Основная идея детского клуба – создание центра, где организуется детская жизнь на основании требований, исходящих из детской природы. Обыкновенно же детские учреждения организуются на основе тех требований, которые предъявляют к детям общество и государство, не считаясь с требованиями ребенка.
Само название «детский клуб» можно считать не очень удачным, так как здесь подражание внешним формам взрослых людей. Можно доказать, что идея детского клуба гораздо шире и глубже идеи клуба взрослых. Зародыш идеи детского клуба лежит в свободных детских организациях, причиняющих часто огромное беспокойство взрослым. Это уличные, дачные, деревенские, фабричные, свободные детские организации. Они возникают благодаря могучему социальному инстинкту и хороши тем, что они свободны, подвижны, находятся в близком соприкосновении с жизнью и разнообразны.
Детские клубы помогают детям организовываться, так как уличные организации хотя и хороши своей свободой, подвижностью и разнообразием, но отрицательные их стороны – в преобладании внешнего подражания действиям взрослых, в беспорядочности, в огромном возбуждении, связанном с жаждой все нового и нового удовлетворения.
Все эти организации основаны на желании играть в жизнь взрослых, и дети живут тем подражательным материалом, который поступает в их душу.
Таким образом, они проходят свою общественную школу приспособления, обрабатывая этот материал по-детски, в игре, но само содержание игры – взрослое.
Таким образом, детские свободные организации основываются на детских инстинктах, с одной стороны, и на подражательности взрослым – с другой.

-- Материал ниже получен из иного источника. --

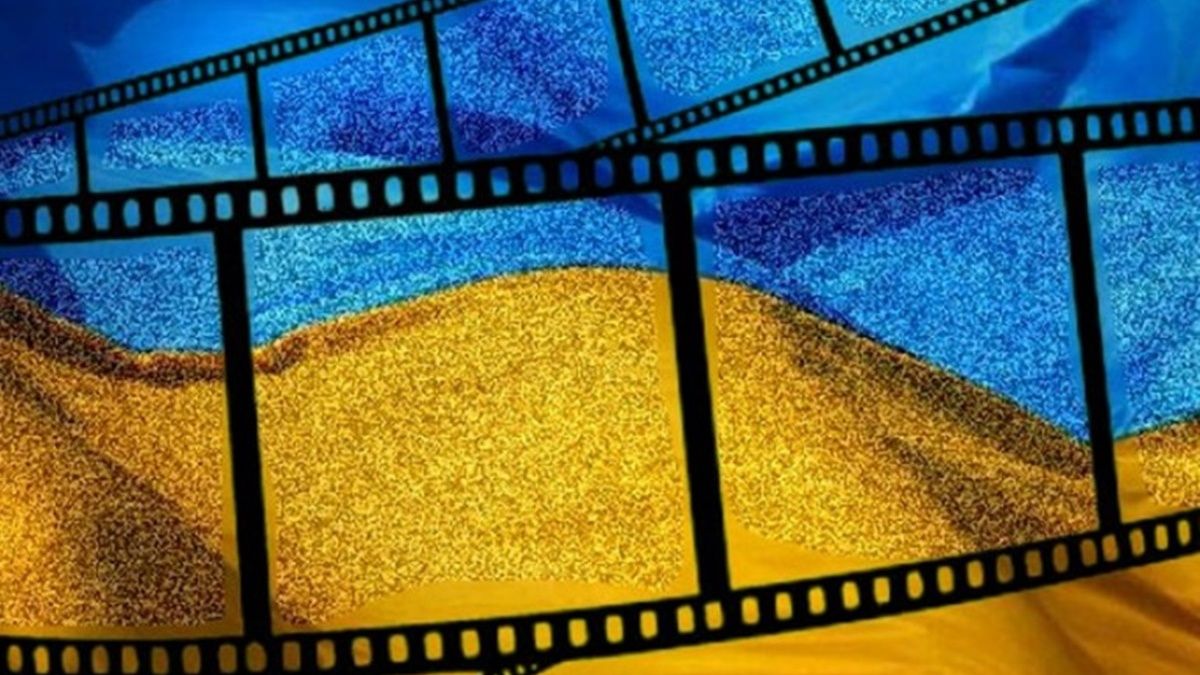 В Украине хотят отсрочить обязательную озвучку фильмов и сериалов на государственном языке: реакция омбудсмена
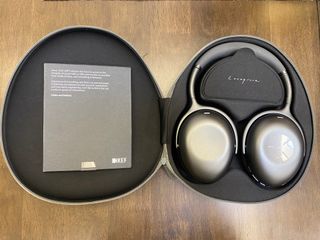 （分類：）位於 。 由 mmmil 提交（商品編號 1356028192，圖片 1）。簡介： 。
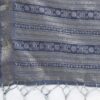 Satrani Women's Silk Weaving Saree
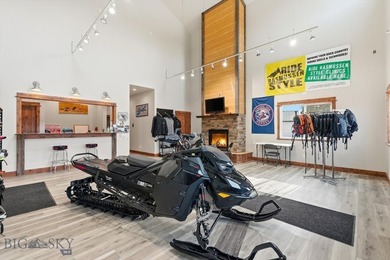 Bring your business to this high-visibility property with 260 - photo 6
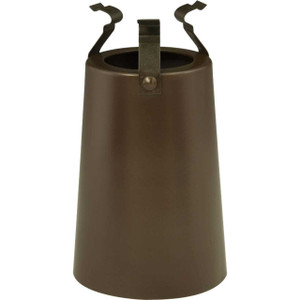 Nightsaver Collection Lamp Shield (P8709-20)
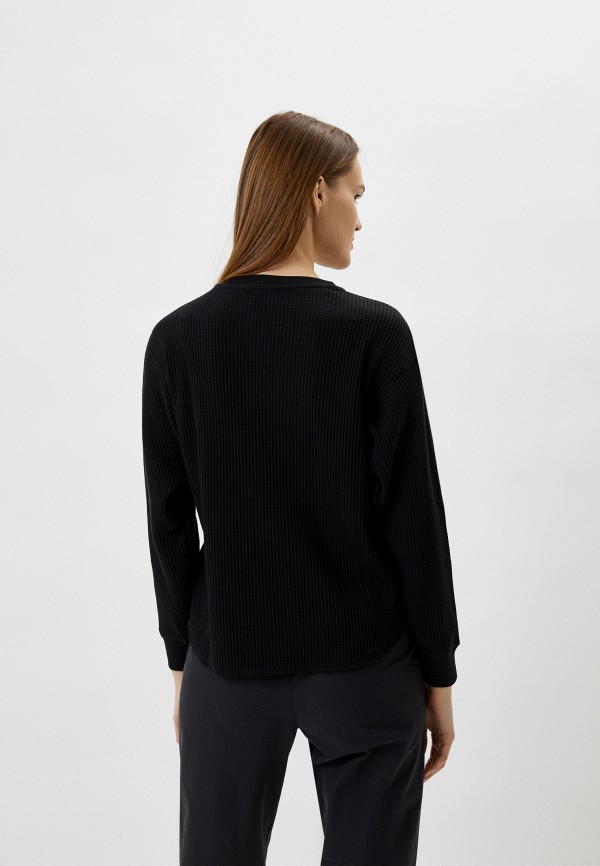 Свитшот  UNIQLO фото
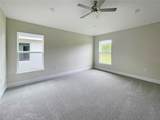 4376 Sagefield Drive - Photo 6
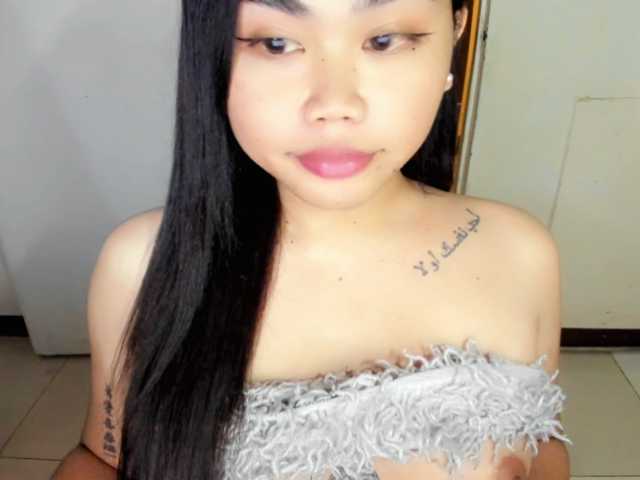 HeavenlyAshleyxx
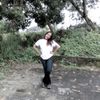 mama_raya_21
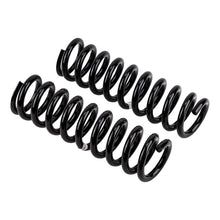 Cargar imagen en el visor de la galería, ARB / OME Coil Spring Front Np300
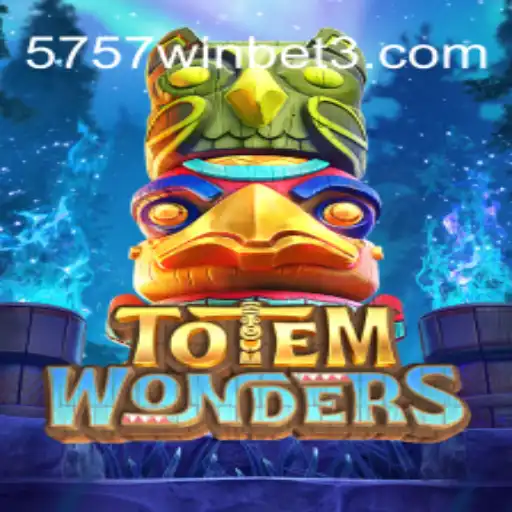 TotemWonders: Explorando o Universo de Estratégias e Criatividade no Mundo dos Jogos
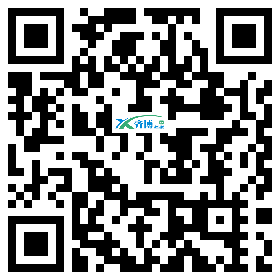 扫描关注网站建设微信公众账号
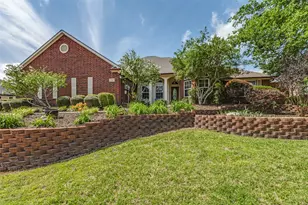 1021 Foxwood Ln, Wylie, TX 75098 - Photo 2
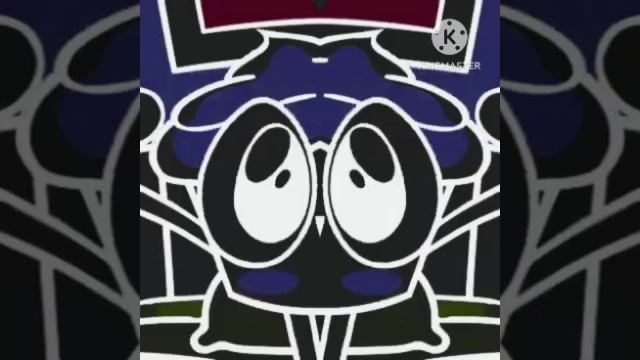 Preview 2 The Introvert Song Extended^2 Effects Sponsored By Preview 1982 Effects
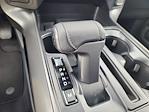 2025 Ford F-150 SuperCrew Cab 4x4 Pickup for sale #A36416 - photo 24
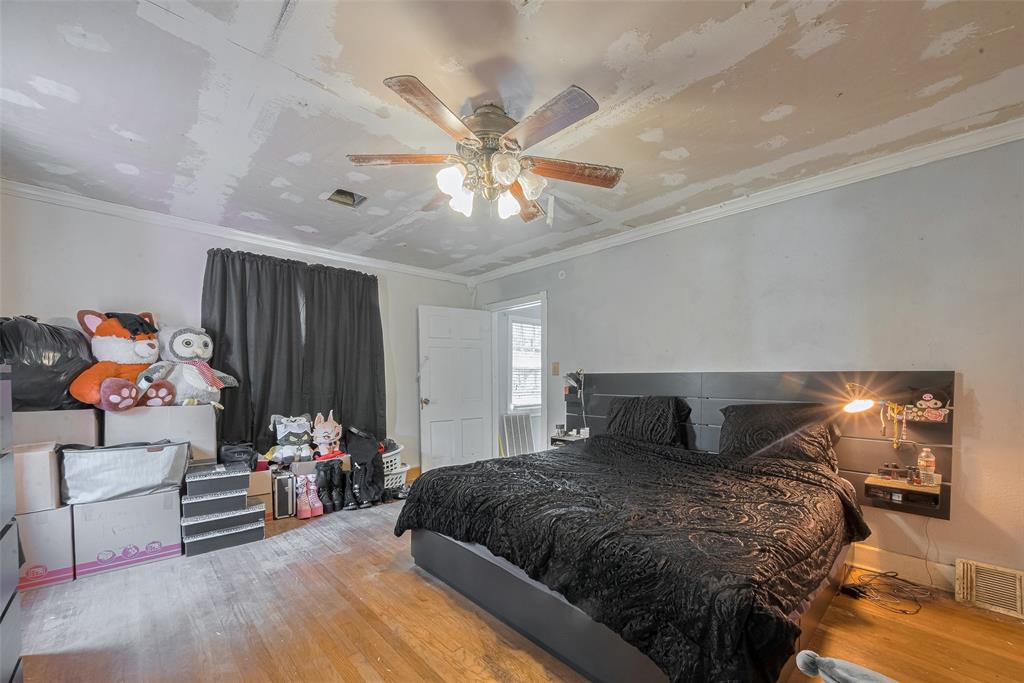 230 9th Avenue, Texas City, Texas image 33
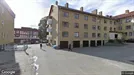 Lägenhet till salu, Söderhamn, <span class="blurred street" onclick="ProcessAdRequest(5513736)"><span class="hint">Se gatunamn</span>[xxxxxxxxxx]</span>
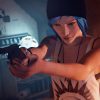 Life Is Strange Complete Season (Episodes 1-5) Steam Key GLOBAL - Image 3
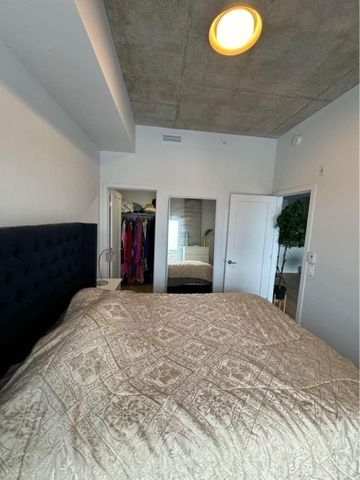 8205 Av. du Cirque, app.830, H1Z 0B5, H1Z 0B5, Montréal - Photo 3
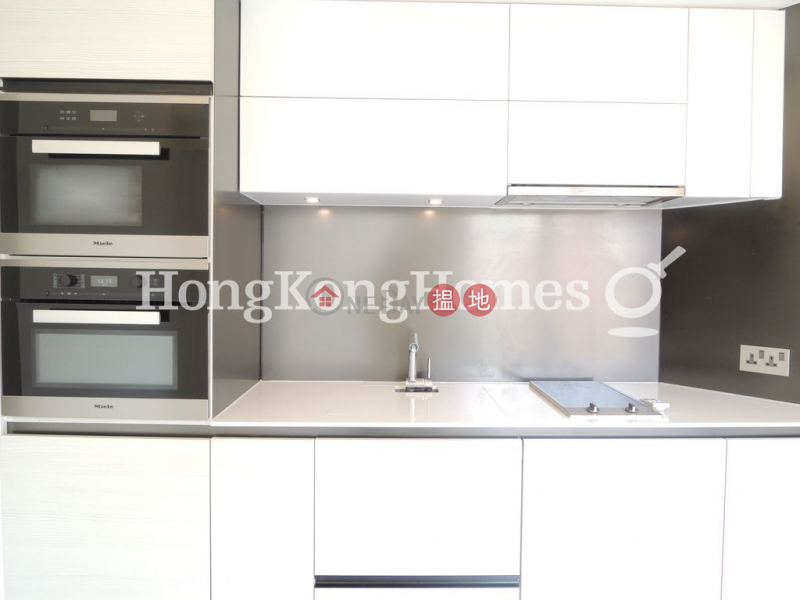 Property Search Hong Kong | OneDay | Residential Sales Listings, 1 Bed Unit at Regent Hill | For Sale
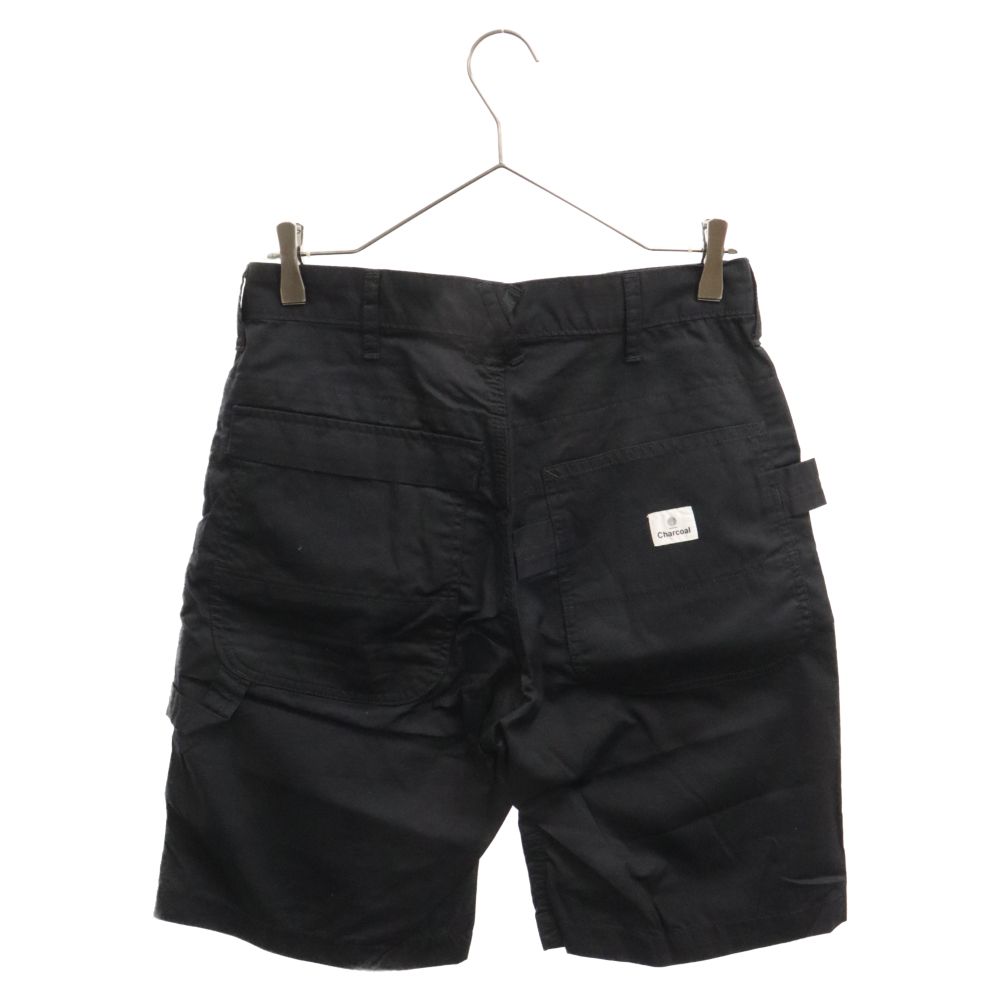 ENGINEERED GARMENTS ショートパンツ 32 Engineered Garments（ショートパンツ）のフリマアイテム一覧
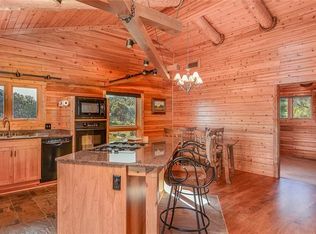 24310 Spur Trl, Spicewood, TX 78669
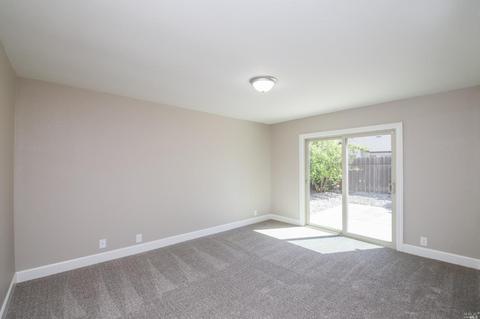 2902 Juniper St, Fairfield, CA 94533 photo 56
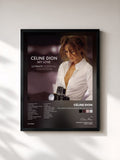 Céline Dion · My Love Ultimate Essential Collection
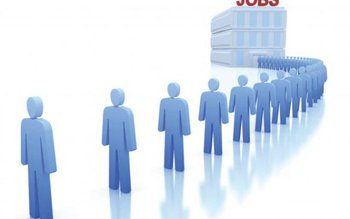 594 participanți la Bursa Generală …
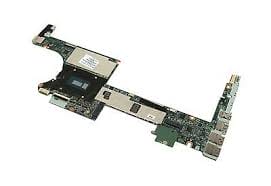 HP SPECTRE X360 13-4003DX i7-5500U 8GB 801505-501 Motherboard In Hyderabad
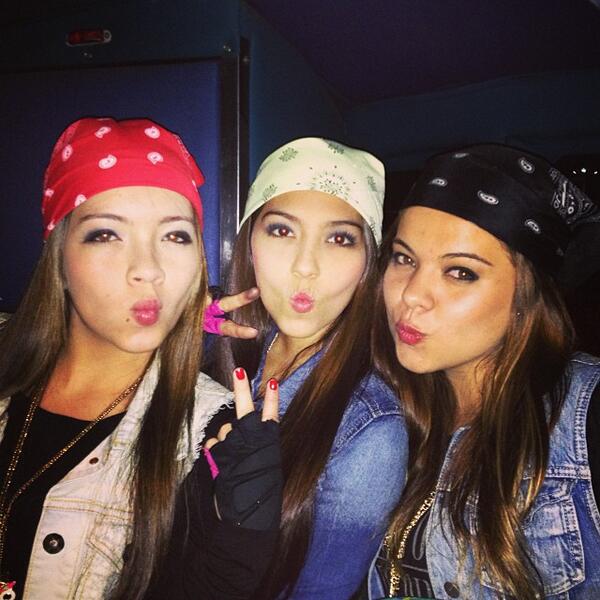 anieavella's tweet photo. @Laura_forero http://t.co/M5ZIibzLDC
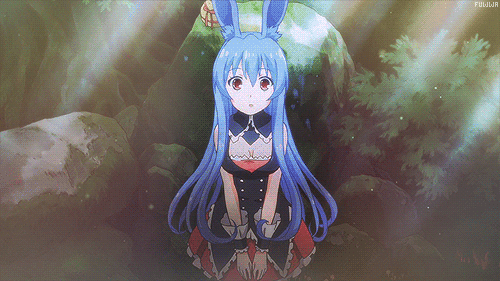 Adaptasi Novel, Anime, Novel, Populer, Rekomendasi Anime, Sword Art Online, mondaiji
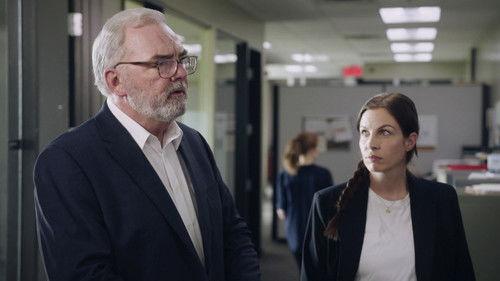 Dumas Season 1 Episode 10 - Episode 10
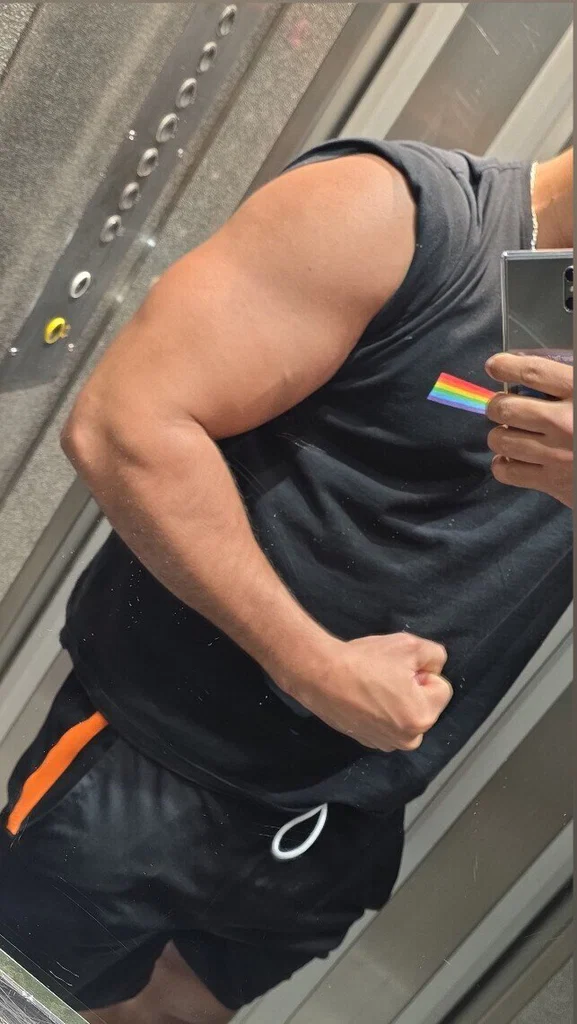 RafaelXXJT's avatar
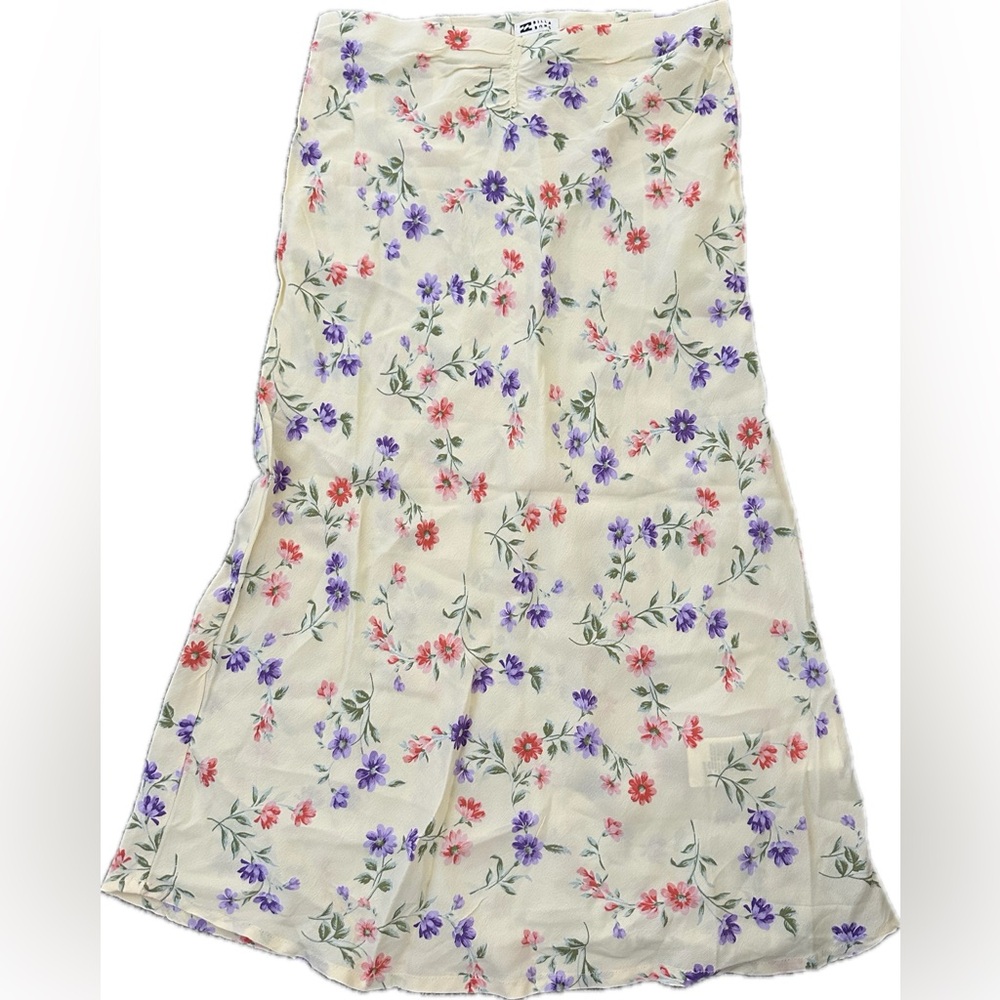 Billabong Kismet Skirt - Picture 7 of 10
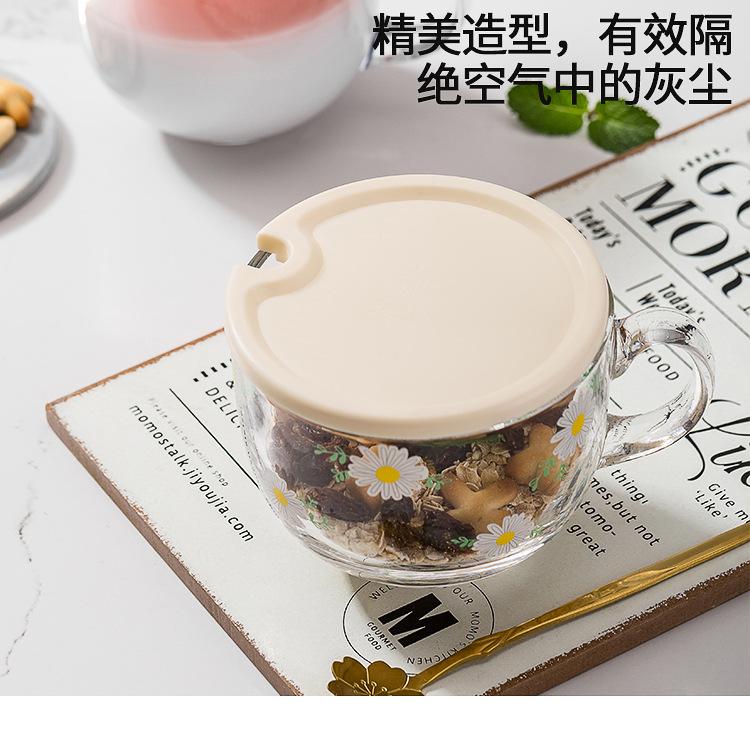 早餐牛奶杯_14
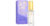 Parfum Trandafir Suedez 30ml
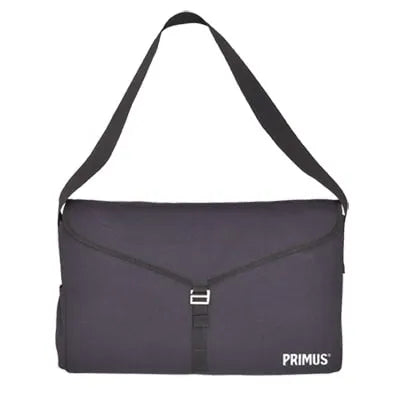 【PRIMUS】トゥピケ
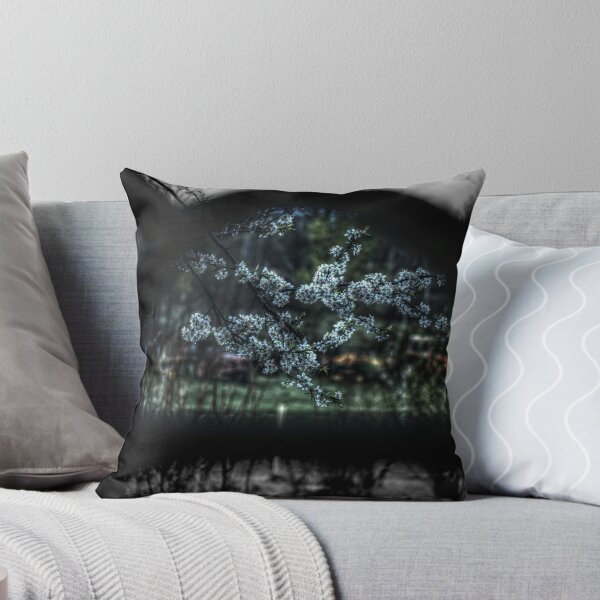 Item preview, arc of spring designed and sold by StoneAge.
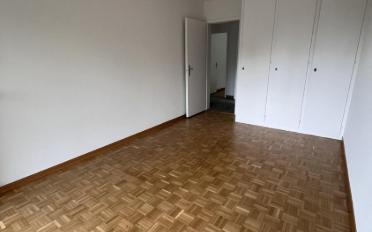 Wohnung 3 Zimmer - image - 5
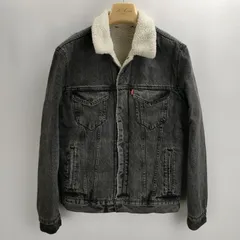 2025年最新】先染め levi's デニムジャケットの人気アイテム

Последнее их уводит от детской жизни, например воровство, банда – содержание взято из жизни взрослого.
Чтобы выявить начало этих организаций, нужно очень серьезно изучать детскую улицу (детей на улице) и взять от этого изучения ценное, что сложилось в этих многочисленных, быстро создающихся и быстро распадающихся организациях. Для освещения вопроса много может дать литературный материал биографического характера: Диккенс, Марк Твен, Горький, Толстой. Затем огромную ценность представляют личные воспоминания о детской жизни каждого взрослого. Материал о детских организациях очень большой, и его необходимо знать, чтобы познакомиться с историей развития клубов. Так как наша основная идея – создать центр, который удовлетворял бы детским требованиям, строя все на изучении детей, нужна большая работа, чтоб установить те основы, которые надо вложить в создание этого дела.
В наших школах дело не построено на основах детских потребностей, так как принцип школы – в наименьшее время дать наибольшее количество знаний. Этот же утилитаризм мы видим во всех подготовительных группах, где главная цель – подготовить, выдержать экзамен.